Kirk takes the Holoprojector back to the Enterprise, reprograms it with Orion Slave girls, and has sexy party time.
Sort of reminded me of Kevin Uxbridge, but with a regular guy… in a dress.
WWJTKD? Kirk would immediately talk the Holo Computer into destroying itself.
WWJTKD? Seduce every woman in the village. Holograms won’t be calling Star Fleet about their illegitimate Kirk-spawn.
I was going to say something similar. We’re the last generation that will know how to fix anything. Everything is packaged, sold, and thrown away.
Which is why the Y10K problem will wipe humanity out. December 31, 9999 rolls over to January 1, 1900, and all machines go berserk and kill us.
Save us Kukulcan!
I know for a fact that I’ve seen them all (the whole having watched the series through on DVD thing). But I realize that I often watched it while doing other things. Which makes it so I may not remember plot points exactly in every single episode, but I generally remember bits and pieces
I do see this comments eventually… silly friends
Awwwwww
This made me think of something that Brian Greene was talking about in his Fabric of the Cosmos NOVA series (I believe it was the first episode, on Space). I’ll quote:
BRIAN GREENE: As we examine the fabric of the cosmos ever more closely, we may well find far more surprises than anyone ever imagined. Take me, for example. I seem real enough, don’t I?
Well, yes. But surprising new clues are emerging that everything, you and I, and even space, itself, may actually be a kind of hologram.
That is: everything we see and experience, everything we call our familiar three-dimensional reality, may be a projection of information that’s stored on a thin, distant two-dimensional surface, sort of the way the information for this hologram is stored on this thin piece of plastic.
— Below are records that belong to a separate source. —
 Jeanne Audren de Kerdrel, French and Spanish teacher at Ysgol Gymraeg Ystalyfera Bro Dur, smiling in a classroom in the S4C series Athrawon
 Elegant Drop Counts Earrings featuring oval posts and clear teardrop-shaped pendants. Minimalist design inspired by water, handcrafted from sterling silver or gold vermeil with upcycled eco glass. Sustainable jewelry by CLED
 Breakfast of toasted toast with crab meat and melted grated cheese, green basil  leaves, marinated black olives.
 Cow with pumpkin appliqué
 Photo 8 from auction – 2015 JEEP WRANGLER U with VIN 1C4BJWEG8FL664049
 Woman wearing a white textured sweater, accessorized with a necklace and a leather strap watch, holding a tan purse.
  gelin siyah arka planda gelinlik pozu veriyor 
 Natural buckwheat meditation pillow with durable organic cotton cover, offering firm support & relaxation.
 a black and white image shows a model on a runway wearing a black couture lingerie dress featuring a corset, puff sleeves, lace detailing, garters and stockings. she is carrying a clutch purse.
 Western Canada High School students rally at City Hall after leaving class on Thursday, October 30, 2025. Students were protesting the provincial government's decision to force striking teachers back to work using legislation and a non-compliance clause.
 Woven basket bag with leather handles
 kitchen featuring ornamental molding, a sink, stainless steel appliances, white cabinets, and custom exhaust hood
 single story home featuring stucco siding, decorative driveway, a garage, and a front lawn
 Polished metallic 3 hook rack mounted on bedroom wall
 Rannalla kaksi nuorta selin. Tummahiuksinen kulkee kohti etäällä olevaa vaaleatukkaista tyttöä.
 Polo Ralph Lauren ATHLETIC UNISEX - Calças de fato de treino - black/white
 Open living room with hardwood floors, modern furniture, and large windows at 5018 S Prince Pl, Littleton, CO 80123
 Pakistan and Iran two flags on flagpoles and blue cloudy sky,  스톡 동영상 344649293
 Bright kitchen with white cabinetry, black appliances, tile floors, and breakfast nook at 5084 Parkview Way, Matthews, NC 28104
Now, holograms are something we’re all familiar with from the security symbol you find on most credit cards, but the universe as a hologram? That’s one of the most drastic revisions to our picture of space and reality ever proposed. And the evidence for it comes from some of the strangest realms of space: black holes.
LEONARD SUSSKIND: This is a real disconnect, and it’s very hard to get your head around: modern ideas, coming from black holes, tell us that reality is two-dimensional, that the three-dimensional world, the full-bodied three-dimensional world, is a kind of image of a hologram on the boundary on the region of space.
S. JAMES GATES, JR.: This is a very strange thing. When I was a younger physicist I would have thought any physicist who said that was absolutely crazy.
BRIAN GREENE: Here’s a way to think about this. Imagine I took my wallet and threw it into a black hole. What would happen? We used to think that since nothing, not even light, can escape the immense gravity of a black hole, my wallet would be lost forever, but it now seems that may not be the whole story.
Recently, scientists exploring the math describing black holes made a curious discovery. Even as my wallet disappears into the black hole, a copy of all the information it contains seems to get smeared out and stored on the surface of the black hole, in much the same way that information is stored in a computer.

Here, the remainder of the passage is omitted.